Hi,
Quoting Ivan Shvedunov (ivan4th@gmail.com):
I've noticed that parsing XML that contains many entity references may cause CXML to eat up all available heap space and crash. This can be easily reproduced:
thank you for the report. I have replace tail recursion in p/content with a loop and also removed the call to append, which serves no purpose in the current code base.
(In addition, I have fixed string normalization in the DOM builder, reducing the parse time for your example from 9s to around 2s for me.)
Please test cxml CVS again.
Overall I don't think this is a proper solution, most likely xml-parse.lisp needs some serious rework to make it more reliable.
In general, recursion depth in the SAX parser should be at most proportional to the nesting depth of XML elements being parsing (as well as the nesting depth of entity references). This level of recursion should not usually be a problem. Most processing of in-memory models like DOM uses similar algorithms.
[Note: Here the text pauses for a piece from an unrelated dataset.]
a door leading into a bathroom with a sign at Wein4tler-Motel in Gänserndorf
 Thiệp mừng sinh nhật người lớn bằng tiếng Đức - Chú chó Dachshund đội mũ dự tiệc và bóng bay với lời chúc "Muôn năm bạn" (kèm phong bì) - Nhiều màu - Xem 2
If any recursive function exceeds this complexity (in the way p/content did prior to your patch), I would regard that as a bug.
If you find any other similar problems, please report them.
Note that the Klacks parser is available as an alternative to SAX for applications that need stricter guarantees. The klacks parser will only report one event at a time and does not use most of the recursive functions found in the SAX parser.
Thanks, David